First, there was a political and mediatic outcry against whoever considered to be an anti-Charlie. That led to a string of arrests on the vague charge of “defending terrorism”.
But that was just the beginning. What we are seeing now, is the start of a smear campaign to denounce all “conspirationists” who dare to disagree with the official policy of the French government.
It started when president Hollande has assimilated what he calls “conspiracy theories“ to Nazism and called to prevent their dissemination on the Internet and social networks.
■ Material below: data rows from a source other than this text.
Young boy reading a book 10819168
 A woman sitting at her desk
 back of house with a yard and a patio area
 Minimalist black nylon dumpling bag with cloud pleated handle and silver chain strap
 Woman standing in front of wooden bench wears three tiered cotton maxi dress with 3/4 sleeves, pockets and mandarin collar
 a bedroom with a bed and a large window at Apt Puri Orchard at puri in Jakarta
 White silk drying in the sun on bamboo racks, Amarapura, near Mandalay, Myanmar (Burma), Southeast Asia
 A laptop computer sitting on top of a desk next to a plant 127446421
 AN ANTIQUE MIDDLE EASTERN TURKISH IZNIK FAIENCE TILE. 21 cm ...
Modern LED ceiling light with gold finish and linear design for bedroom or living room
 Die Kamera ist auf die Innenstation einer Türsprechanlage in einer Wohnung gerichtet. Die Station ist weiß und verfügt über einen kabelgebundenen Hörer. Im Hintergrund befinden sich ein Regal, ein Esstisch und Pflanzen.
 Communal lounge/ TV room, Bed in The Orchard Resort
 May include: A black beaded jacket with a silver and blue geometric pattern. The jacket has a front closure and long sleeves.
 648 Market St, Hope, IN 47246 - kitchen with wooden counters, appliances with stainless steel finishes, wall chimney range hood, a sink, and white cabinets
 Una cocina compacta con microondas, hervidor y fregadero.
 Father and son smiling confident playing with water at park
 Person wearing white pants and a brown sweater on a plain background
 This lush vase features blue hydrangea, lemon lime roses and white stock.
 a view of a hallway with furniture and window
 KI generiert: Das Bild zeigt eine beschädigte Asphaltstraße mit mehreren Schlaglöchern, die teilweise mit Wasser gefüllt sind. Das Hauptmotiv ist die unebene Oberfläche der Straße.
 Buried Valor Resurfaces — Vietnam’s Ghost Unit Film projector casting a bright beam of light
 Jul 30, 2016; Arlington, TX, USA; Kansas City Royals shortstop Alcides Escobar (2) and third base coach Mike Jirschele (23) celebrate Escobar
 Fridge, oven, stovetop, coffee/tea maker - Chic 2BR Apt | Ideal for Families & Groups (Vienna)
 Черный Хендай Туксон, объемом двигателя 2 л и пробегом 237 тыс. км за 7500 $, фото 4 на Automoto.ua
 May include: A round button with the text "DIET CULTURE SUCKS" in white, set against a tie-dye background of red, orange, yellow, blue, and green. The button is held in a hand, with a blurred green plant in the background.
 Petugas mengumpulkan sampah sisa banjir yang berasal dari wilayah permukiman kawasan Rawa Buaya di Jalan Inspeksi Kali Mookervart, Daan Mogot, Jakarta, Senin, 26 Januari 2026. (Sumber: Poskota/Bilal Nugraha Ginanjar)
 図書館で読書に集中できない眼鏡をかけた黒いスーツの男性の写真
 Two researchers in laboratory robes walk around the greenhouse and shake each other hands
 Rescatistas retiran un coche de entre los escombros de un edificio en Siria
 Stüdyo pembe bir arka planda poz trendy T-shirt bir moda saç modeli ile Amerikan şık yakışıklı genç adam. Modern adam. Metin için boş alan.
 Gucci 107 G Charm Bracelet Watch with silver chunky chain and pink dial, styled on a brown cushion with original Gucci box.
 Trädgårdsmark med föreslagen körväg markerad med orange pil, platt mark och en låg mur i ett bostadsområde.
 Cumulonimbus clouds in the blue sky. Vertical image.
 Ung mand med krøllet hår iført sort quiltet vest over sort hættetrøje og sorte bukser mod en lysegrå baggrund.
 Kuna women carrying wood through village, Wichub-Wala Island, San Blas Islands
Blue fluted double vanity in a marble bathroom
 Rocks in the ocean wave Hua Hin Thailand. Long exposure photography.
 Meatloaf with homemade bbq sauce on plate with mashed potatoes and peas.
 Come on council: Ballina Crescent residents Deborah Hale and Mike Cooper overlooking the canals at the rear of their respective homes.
His speech at the Shoah Memorial on January 27, 2015 is crystal clear:
“[Anti-Semitism] maintains conspiracy theories that spread without limits. Conspiracy theories that have, in the past, led to the worst “(…)” [The] answer is to realize that conspiracy theories are disseminated through the Internet and social networks. Moreover, we must remember that it is words that have in the past prepared extermination. We need to act at the European level, and even internationally, so that a legal framework can be defined, and so that Internet platforms that manage social networks are held to account and that sanctions be imposed for failure to enforce” (source: Voltairenet.org)
He then asked the French Socialist Party to prepare new legislation to repress all dissident voices.
French presstitutes wasted no time to join in the dance.
The leftish weekly Marianne (that self-proclaim itself as fighting one track thinking) has published an in-depth review under the title “Conspiracy nuts”.
L’Express, another weekly, has created its own directory of “sites d’infaux” (literally “false news sites”), listing their name, their category (blogs, alternative info, parody) and what kind of “false news” they spread.
Even worse, they invite their readers to submit their links, which is nothing less than encouraging them to act as stool pigeons (they’re bragging that they added 30 new sites thanks to their readers).
Just imagine Newsweek doing the same in the US.
Left leaning Libération had less chance with its list of evil pro-russian sites, that was removed after howls of protest among its readers.
A full fledged media campaign against “conspiracy theories” has just started, telling the good people of France that all Websites challenging the single worldview the French government want to impose are all nests of fascists, Nazis, terrorists, lunatics and anti-semitics.
All this in the name of Freedom of Thought.
Next will come a law prohibiting all those sites, that could lead to forced closure and arrest of those who just question the official thinking.
In the meantime, many French are thanking those magazines for the opportunity to introduce them to informative Websites they were longing for. An eloquent proof that the French still believe in the plurality of views.